▶ **TRY IT**:
The answer must repeat every record exactly, with all pictures omitted.

*** Opening EXTRACTED RECORDS ***

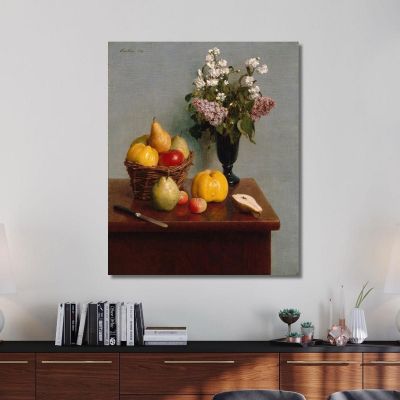 Natura Morta Con Fiori E Frutta Henri Fantin-Latour hft101 quadro stampa su tela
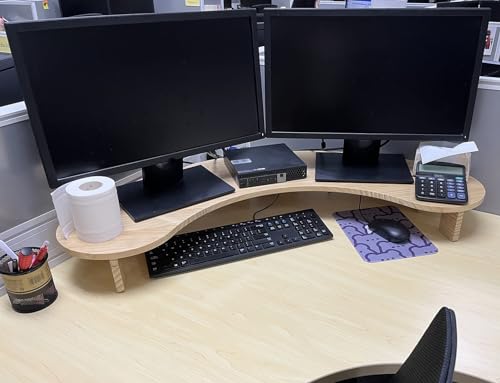 Support de moniteur d'angle en bois pour double écran de bureau - 3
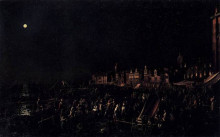 Копия картины "the vigil of santa marta" художника "каналетто"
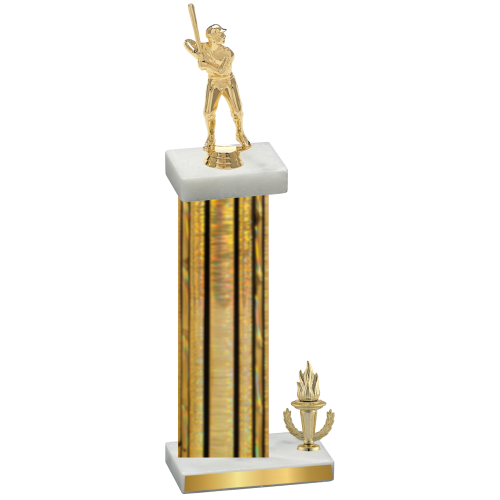 Accented Single Gold Glacier Victory Baseball Trophy
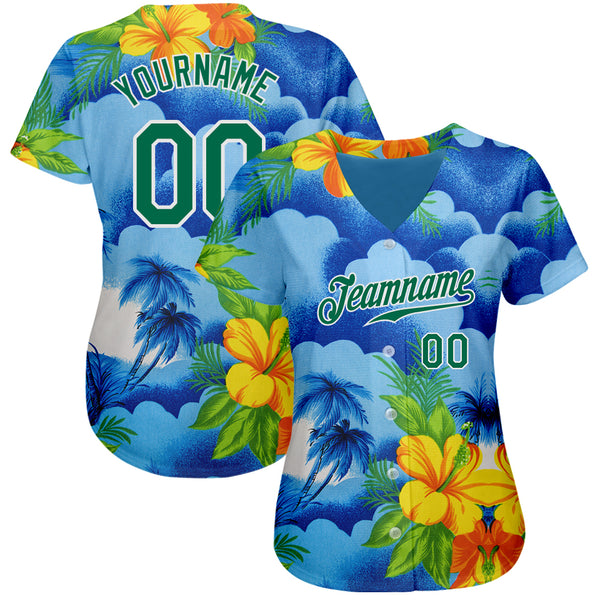 Cheap Custom Teal Navy-Kelly Green 3D Pattern Design Authentic Baseball  Jersey Free Shipping – CustomJerseysPro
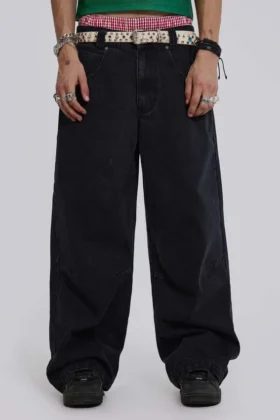 Vaqueros Colossus negros lisos de talle bajo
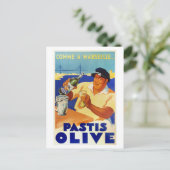Pastis Olive - Vintages französisches Weinposter Postkarte (Stehend Vorderseite)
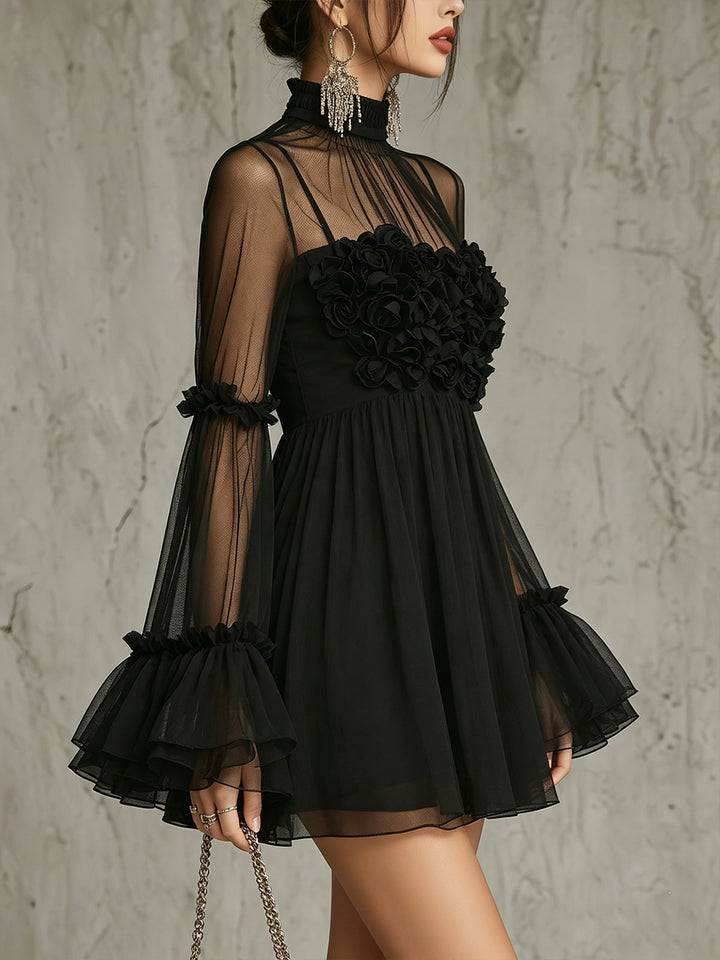 Rosalba | Mini black transparent dress with high collar and floral appliqués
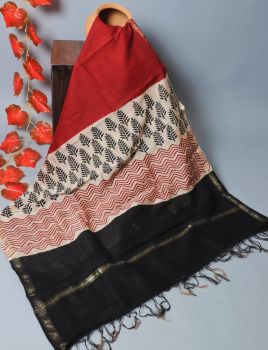 Bagru Hand Block Printed Chanderi Silk Dupatta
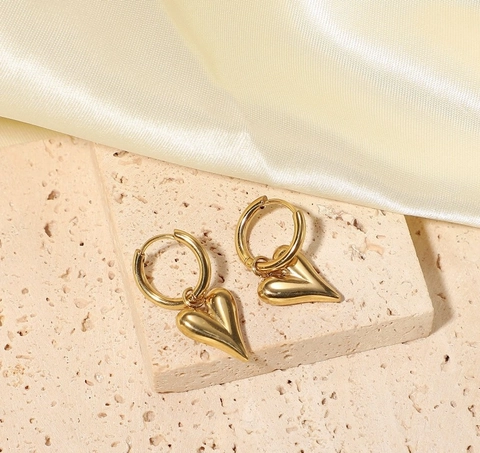 Mode 316L Edelstahl 18K Vergoldet Herz Creolen Für Damen Vintage Polierte 3D Liebe Herz Anhänger Ohrringe Schmuck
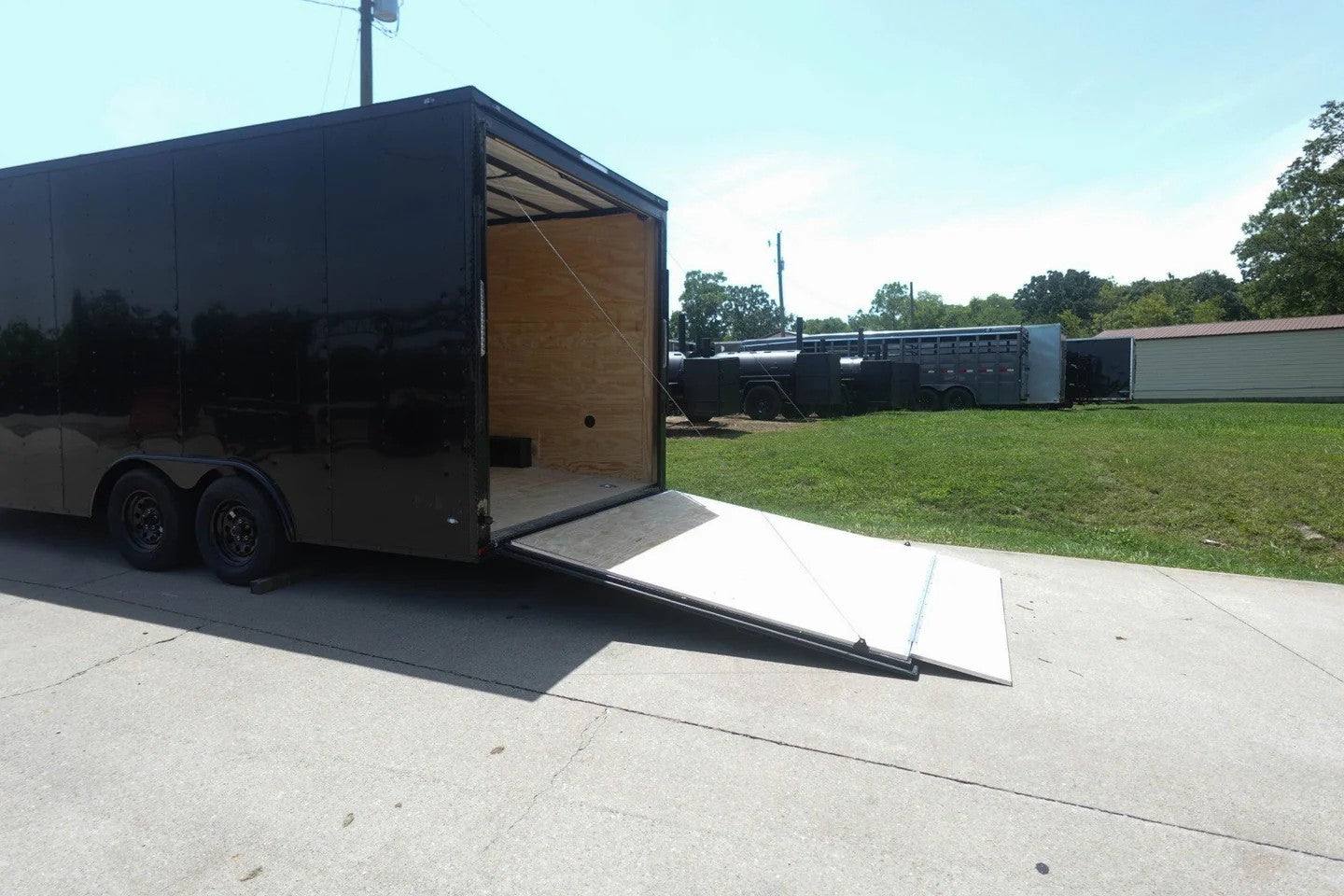 8.5×18 Black V-Nose Enclosed Trailer with Blackout Package (2) 3,500lb Axles - Image 8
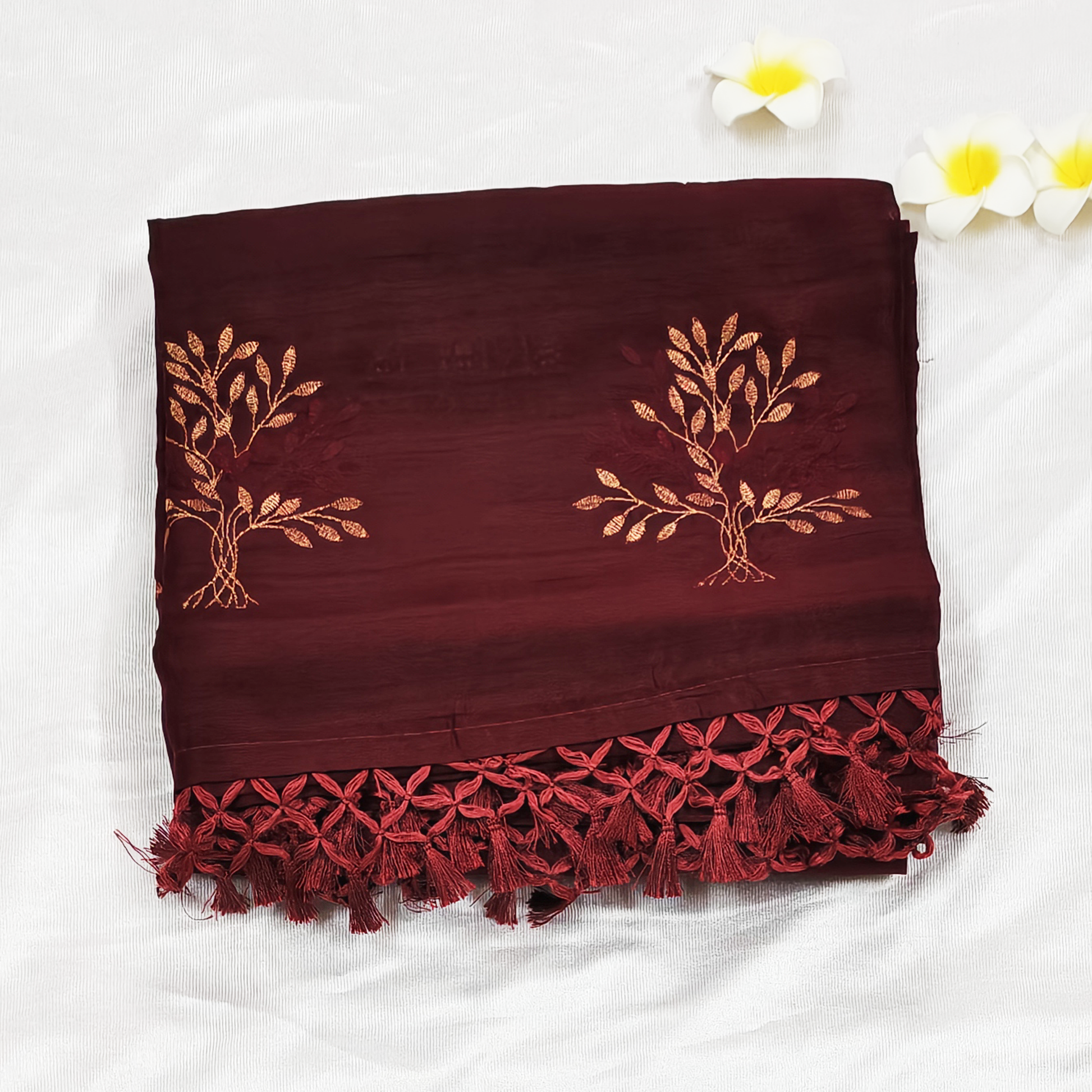 Butter silk soft pure handloom embroidery saree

*** Closing EXTRACTED RECORDS ***

▶ **WRITTEN REPLY**:
 Natura Morta Con Fiori E Frutta Henri Fantin-Latour hft101 quadro stampa su tela
 Support de moniteur d'angle en bois pour double écran de bureau - 3
 Копия картины "the vigil of santa marta" художника "каналетто"
 Accented Single Gold Glacier Victory Baseball Trophy
 Cheap Custom Teal Navy-Kelly Green 3D Pattern Design Authentic Baseball  Jersey Free Shipping – CustomJerseysPro
 Vaqueros Colossus negros lisos de talle bajo
Pastis Olive - Vintages französisches Weinposter Postkarte (Stehend Vorderseite)
 Rosalba | Mini black transparent dress with high collar and floral appliqués
 Bagru Hand Block Printed Chanderi Silk Dupatta
 Mode 316L Edelstahl 18K Vergoldet Herz Creolen Für Damen Vintage Polierte 3D Liebe Herz Anhänger Ohrringe Schmuck
 8.5×18 Black V-Nose Enclosed Trailer with Blackout Package (2) 3,500lb Axles - Image 8
 Butter silk soft pure handloom embroidery saree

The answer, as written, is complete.